Should We, or Shouldn't We?
After nearly three weeks in a rough anchorage, waiting for yet another repair, our suspicions were confirmed by experts (our son who works in the Coast Guard). The fall weather is sneaking in early this year. We had a feeling that was true, since most days we woke up enveloped in a thick fog. What's more, the wind rushed in every afternoon, and stirred up an even choppier sea that lasted well into the night.
Twice we slipped our anchor and dragged it, scudding backwards out into the bay, miraculously threading through boats we are still shocked we didn't crash into. Needless to say, it got hard to settle down at night when we had to keep popping our heads up out of the hatch to make sure nothing like that happened, again.
Not to mention all that rocking and bobbing was making it almost impossible to walk a straight line on dry ground. It has something to do with balance and your "inner ear," neither of which was working very well for me to begin with. I know this isn't just an illusion because a man in the grocery store (who I thought was following me) explained he had tried several times to pass but I kept swerving. I think he thought I had been… oh, but nevermind about that.

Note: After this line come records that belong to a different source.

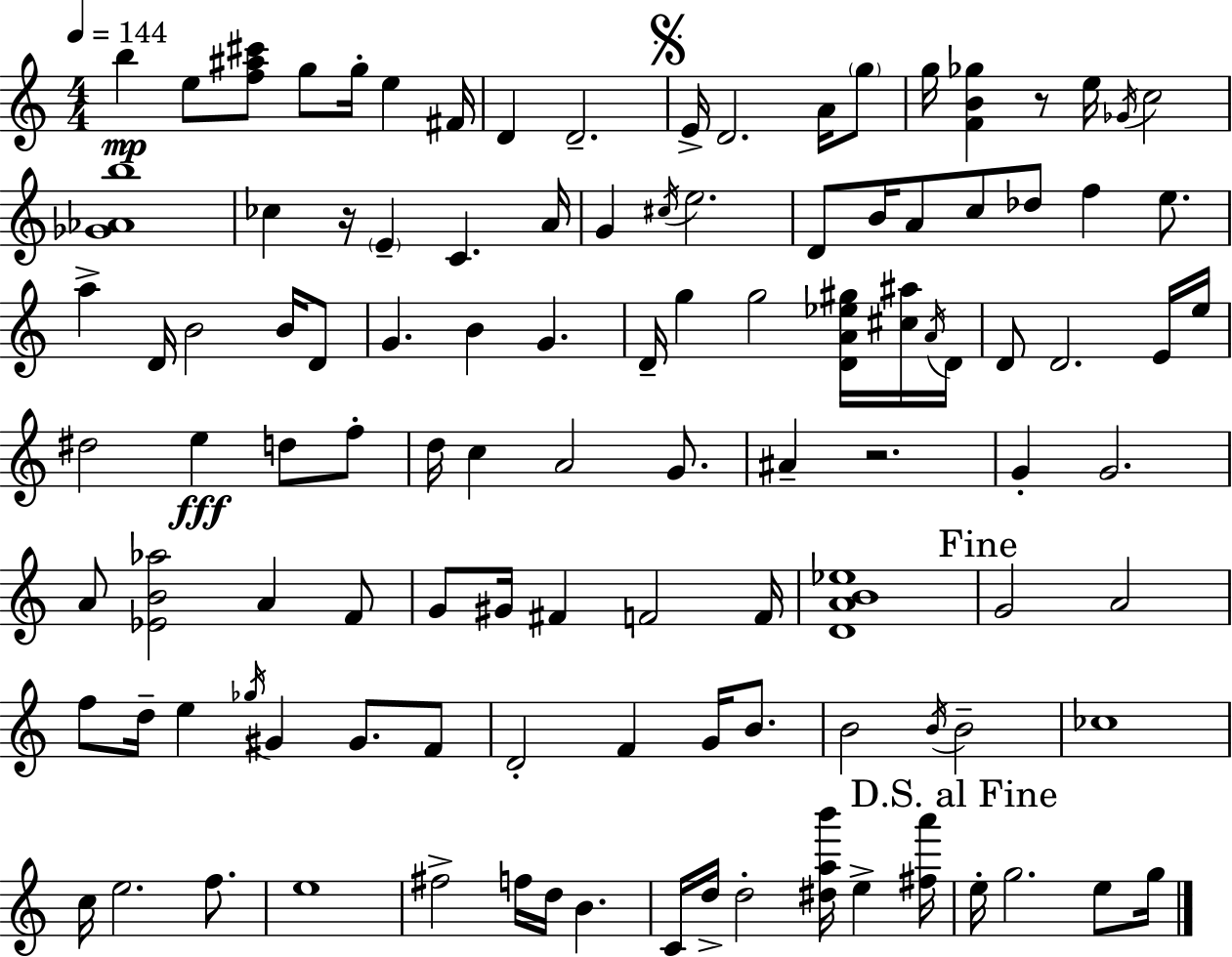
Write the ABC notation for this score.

X:1
T:Untitled
M:4/4
L:1/4
K:Am
b e/2 [f^a^c']/2 g/2 g/4 e ^F/4 D D2 E/4 D2 A/4 g/2 g/4 [FB_g] z/2 e/4 _G/4 c2 [_G_Ab]4 _c z/4 E C A/4 G ^c/4 e2 D/2 B/4 A/2 c/2 _d/2 f e/2 a D/4 B2 B/4 D/2 G B G D/4 g g2 [DA_e^g]/4 [^c^a]/4 A/4 D/4 D/2 D2 E/4 e/4 ^d2 e d/2 f/2 d/4 c A2 G/2 ^A z2 G G2 A/2 [_EB_a]2 A F/2 G/2 ^G/4 ^F F2 F/4 [DAB_e]4 G2 A2 f/2 d/4 e _g/4 ^G ^G/2 F/2 D2 F G/4 B/2 B2 B/4 B2 _c4 c/4 e2 f/2 e4 ^f2 f/4 d/4 B C/4 d/4 d2 [^dab']/4 e [^fa']/4 e/4 g2 e/2 g/4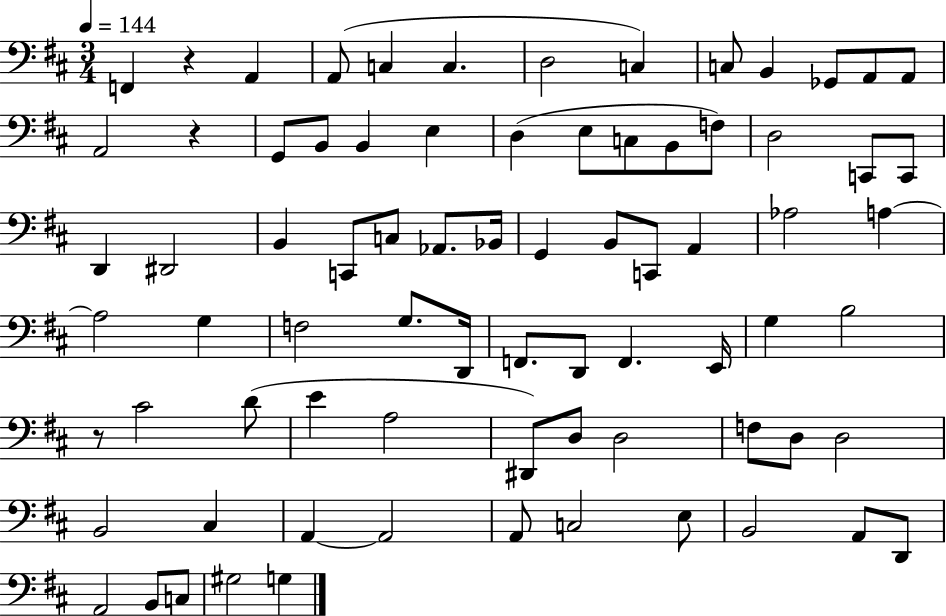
X:1
T:Untitled
M:3/4
L:1/4
K:D
F,, z A,, A,,/2 C, C, D,2 C, C,/2 B,, _G,,/2 A,,/2 A,,/2 A,,2 z G,,/2 B,,/2 B,, E, D, E,/2 C,/2 B,,/2 F,/2 D,2 C,,/2 C,,/2 D,, ^D,,2 B,, C,,/2 C,/2 _A,,/2 _B,,/4 G,, B,,/2 C,,/2 A,, _A,2 A, A,2 G, F,2 G,/2 D,,/4 F,,/2 D,,/2 F,, E,,/4 G, B,2 z/2 ^C2 D/2 E A,2 ^D,,/2 D,/2 D,2 F,/2 D,/2 D,2 B,,2 ^C, A,, A,,2 A,,/2 C,2 E,/2 B,,2 A,,/2 D,,/2 A,,2 B,,/2 C,/2 ^G,2 G,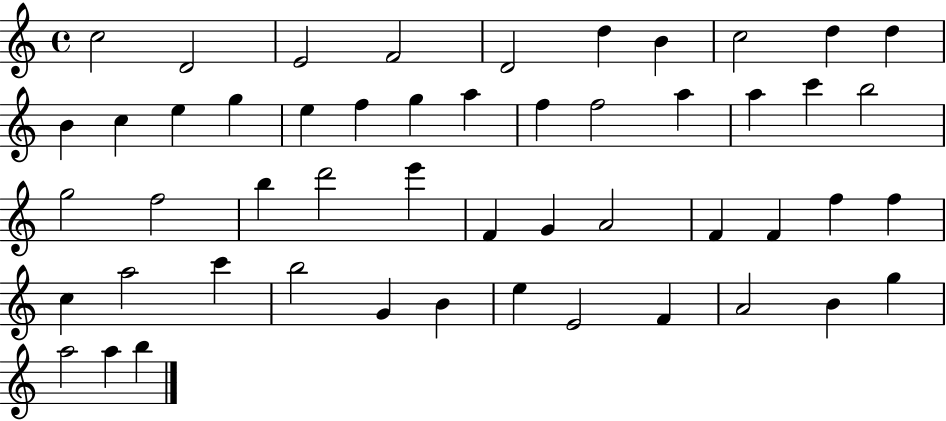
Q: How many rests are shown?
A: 0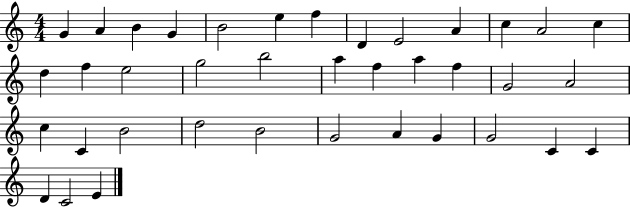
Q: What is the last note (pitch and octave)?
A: E4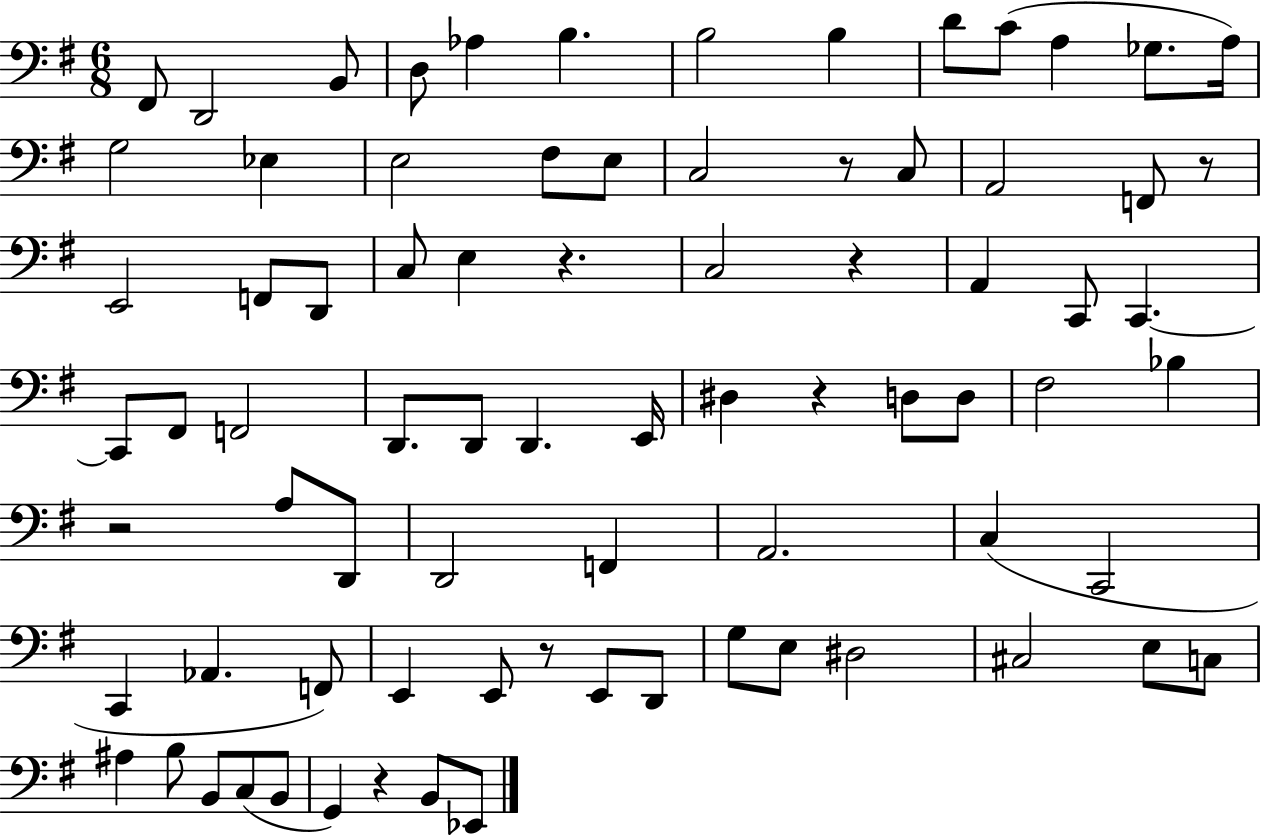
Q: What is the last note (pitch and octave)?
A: Eb2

The Captain and I both wanted to high-tail it back to a calmer harbor in the San Juans. But neither of us wanted to get caught in fog or a rough sea trying to cross a major shipping lane on the "big water." Not to mention the leaky shaft was still leaking while we waited for replacement parts. We weren't ready to quit, though. Other than dreaming about houses every night, I still wanted to continue on.
However, there is sometimes a fine line between faith and stupidity, and at this point, I wasn't sure which side was which. So, I said a little prayer there would be some sort of sign to let me know. The first was finding out the Captain and I were having the same thoughts but neither of us mentioned them until the morning after I prayed.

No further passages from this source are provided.